I don't think that's what Blunt meant when he said that, I think he meant he was ahead of his time creatively and as a result when he played going off on a tangent and taking chances was more important than being note perfect every time. Page was one of the greatest improvisors in rock guitar in a live setting. I don;t know of any other guitarist outside of Hendrix & SRV who could improvise like Page. Of course Page had to be on his game and somewhat clear headed to pull that off, that is why he suffered at many shows in 77' - 80' because he was just to wasted to play. The fact is, just listen to him Play Heartbreaker at Rotterdam in 1980 and tell me Jimmy, when clear headed, was just as good as Hendrix in his prime. That is why Jimmy pisses me off so much (just like Tommy Bolin), he was one of the very best guitarist, ever in a live setting and just pissed it all away for a few years yet acts like it was no big deal. Well it was a big deal, people paid good money to see those shows and if you were one of the unfortunate ones who caught Jimmy on an off night I guarantee you would not be too happy.
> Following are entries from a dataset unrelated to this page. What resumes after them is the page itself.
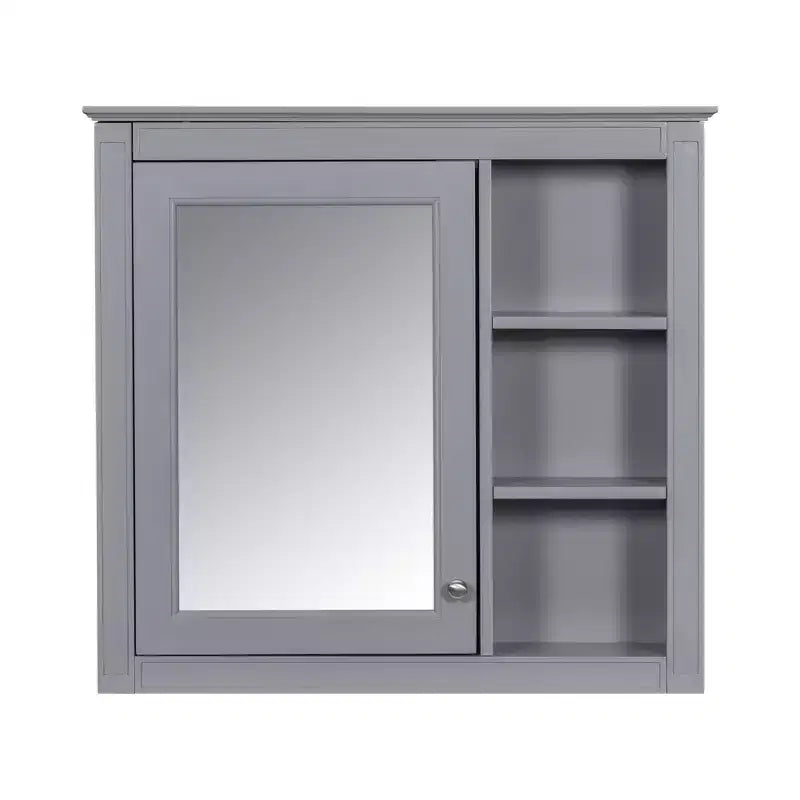 Tocador de baño de 30 pulgadas con lavabo, mueble de baño con cajones y espejo, armario con espejo para baño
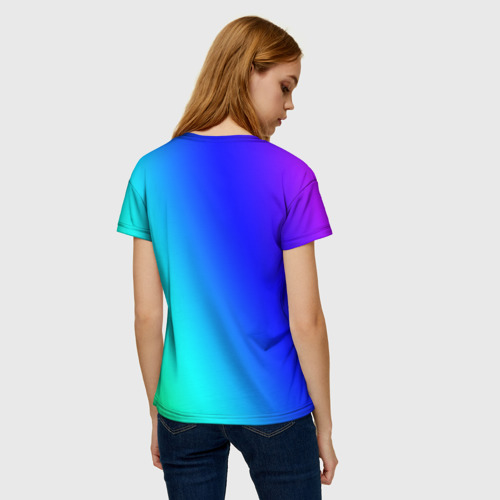 Женская футболка 3D Радужный человек, цвет 3D печать - фото 4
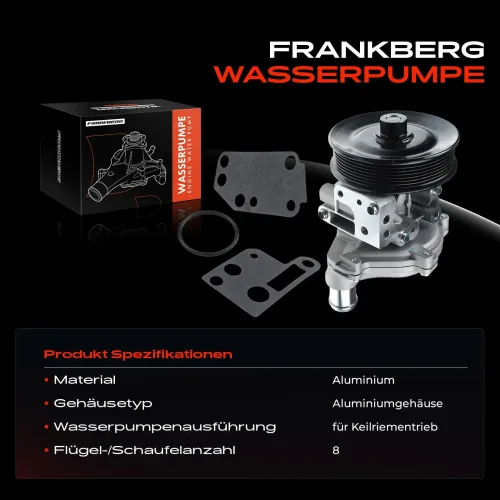 Wasserpumpe, Motorkühlung Frankberg 5481FB0023871 Bild Wasserpumpe, Motorkühlung Frankberg 5481FB0023871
I was lucky, when I saw him on Easter, April 10th 77' in Chicago he was in brilliant Jimmy mode, most likely pretty sober (or about as sober as Page could be at that point) after crapping out the night before. But if I were in Tempe, I would not have been a happy camper.

Question though to those who attended gigs from 77 - 80 (the bad ones that is). Do you recall if they just turned Jimmy's guitar up to 11 and added distortion in an effort to mask any mistakes? I knew this guy who like Jimmy was a brilliant guitarist but drugs and booze got the better of him. When he giged, when wasted, that is what he did, just distorted the hell out of the signal and added gain. Everyone was drunk, no one cared.